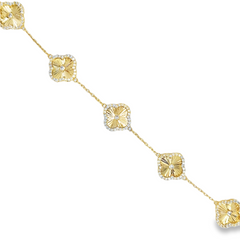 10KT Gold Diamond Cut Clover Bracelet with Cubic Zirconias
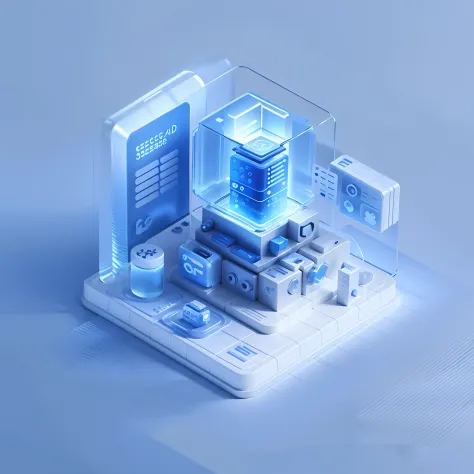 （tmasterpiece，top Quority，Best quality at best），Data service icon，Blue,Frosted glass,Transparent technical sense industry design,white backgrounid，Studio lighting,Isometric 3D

************

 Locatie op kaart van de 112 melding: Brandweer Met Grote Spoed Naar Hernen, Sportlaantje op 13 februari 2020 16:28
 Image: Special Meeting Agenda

************

From the line holding "10KT Gold Diamond" to the line holding "backgrounid，Studio lighting,Isometric 3D", both included, retype the entries above exactly and drop the pictures.

> **Exercise answer**
 10KT Gold Diamond Cut Clover Bracelet with Cubic Zirconias
 （tmasterpiece，top Quority，Best quality at best），Data service icon，Blue,Frosted glass,Transparent technical sense industry design,white backgrounid，Studio lighting,Isometric 3D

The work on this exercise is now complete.